- Born: Albania
- Occupations: Social worker; Environmental activist;
- Organization(s): Founder and Executive Director, LUMI
- Awards: Goldman Environmental Prize 2025

= Besjana Guri =

Albanian social worker and environmental activist

Besjana Guri (born 1987 or 1988) is an Albanian social worker and environmental activist best known for her work as the Co-Founder and Communications Officer of EcoAlbania, where she worked in tandem with Executive Director Olsi Nika to protect the Vjosa. She is also the founder and executive director of LUMI, and through this has been a prominent activist for the Flamingo Revolution. Guri and Nika were jointly awarded the Goldman Prize for Europe in 2025.
==Biography==
Guri was born and raised in Albania and graduated from the University of Tirana, where she earned a bachelor's degree in social work and a master's degree in community organization.

She co-founded EcoAlbania with Olsi Nika in 2014, where she became the Communications Officer. The organization set out to protect Albania's natural ecosystems. That same year, they launched the Save the Blue Heart of Europe campaign to protect the Vjosa from use in hydropower. Guri led the communication to both the public and the media, and informed local communities about development projects. As part of her effort against the hydropower, she has emphasized a diversity of sources of renewable energy.

They soon received national and international support. In November 2021, Guri and Nika brought in Patagonia, Inc. to help mediate between EcoAlbania and the government. Their efforts led to the Vjosa becoming the Vjosa Wild River National Park, protecting more than 31,000 acres of the river and its tributaries.

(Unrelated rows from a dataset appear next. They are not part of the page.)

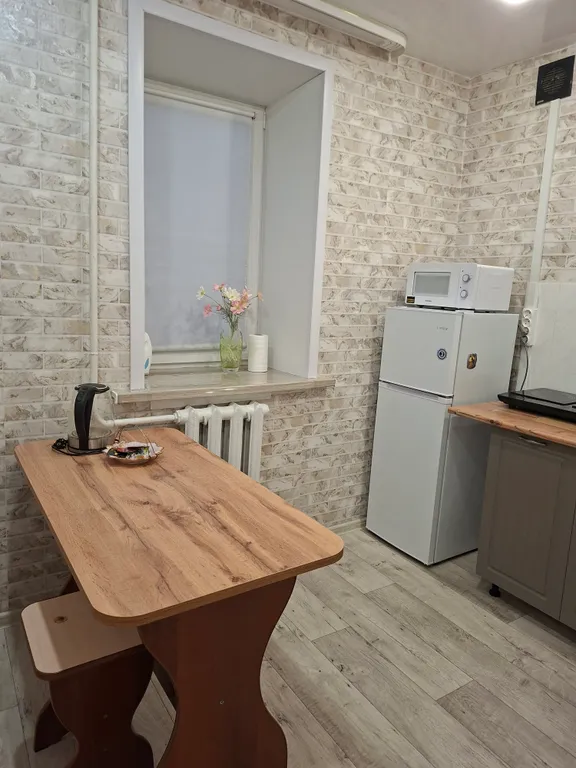 Квартира в центре города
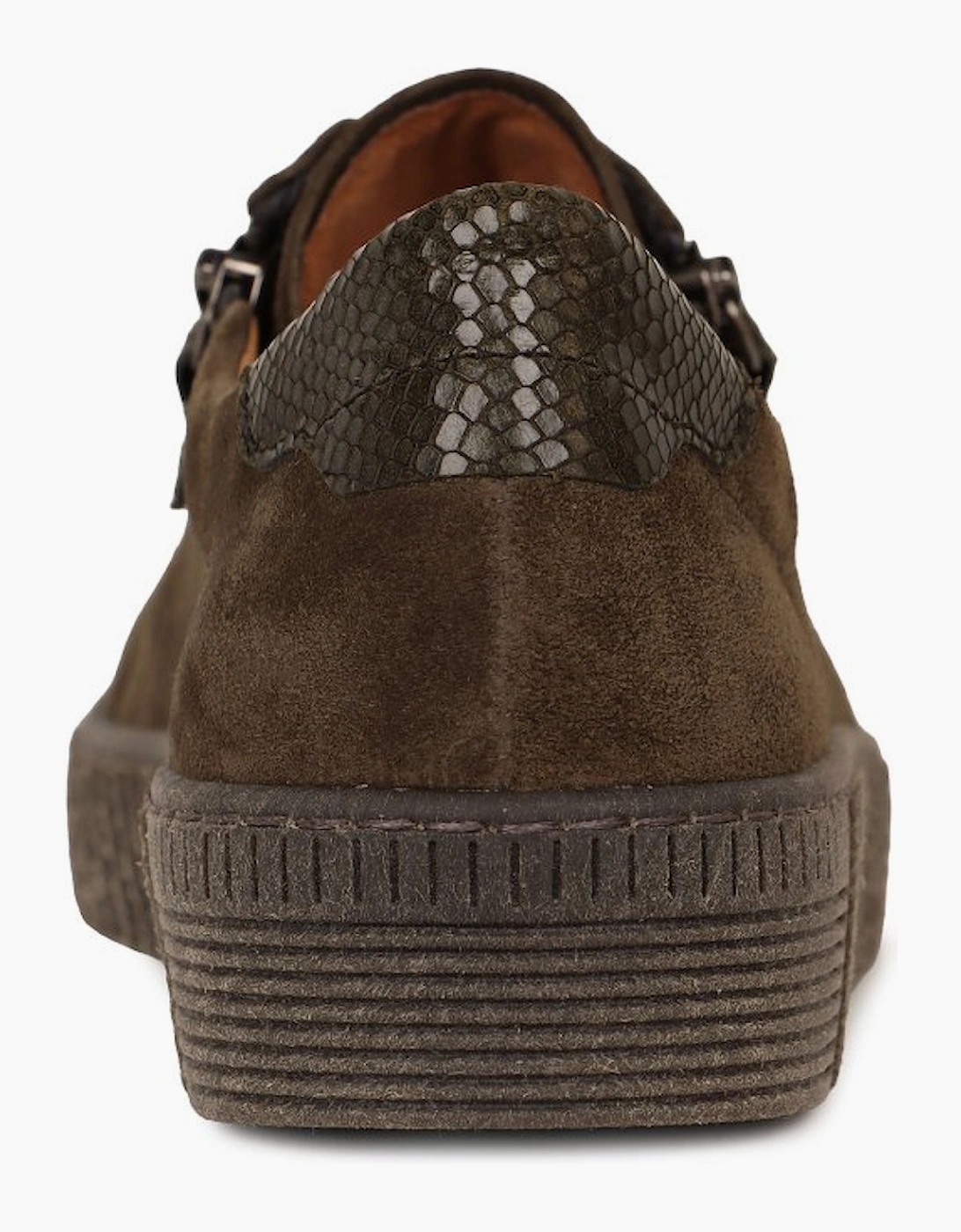 Wisdom Womens Trainers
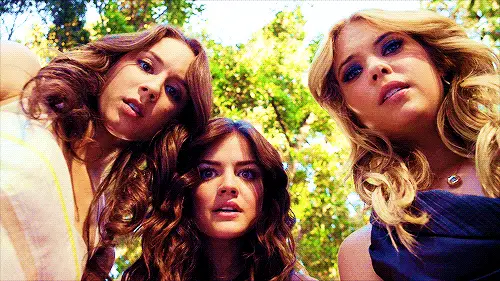 The Really Bizarre Selfie Angle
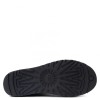 UGG Mens Classic Mini II Metallic Grey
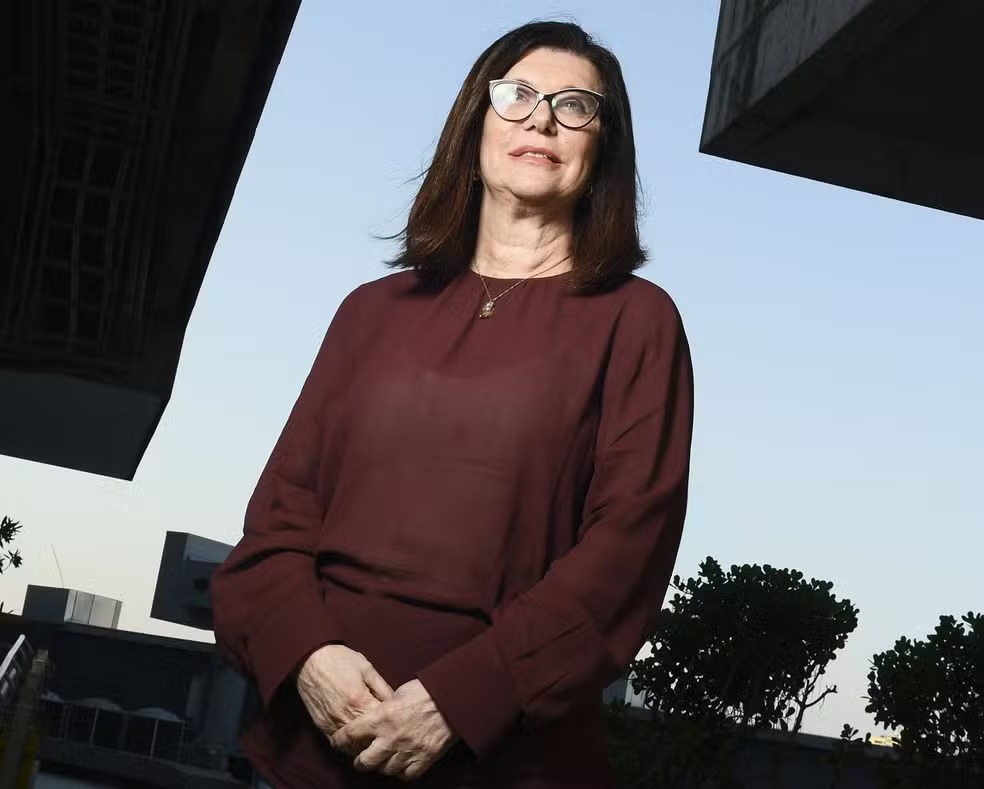 “Conseguimos arrematar as áreas que eram nossas prioridades”, afirma Magda Chambriard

After the creation of the park, she shifted her focus to leading protests to protect the Vjosa's tributary Shushica from commercial use.

She jointly received the Goldman Prize for Europe in 2025 with Nika. She was also featured on Living on Earth in June 2025. That same July, she founded LUMI, otherwise known as the Movement for Water, Environment, and Integration, where she serves as executive director.

At LUMI, she was one of the first to raise alarms about the Sazan Island Resort and the damage it would cause to the Vjosa-Narta. She led early activism against that resort in the name of protecting the Vjosa-Narta, and has been an active participant and spokesperson for the subsequent Flamingo Revolution stemming from the resort.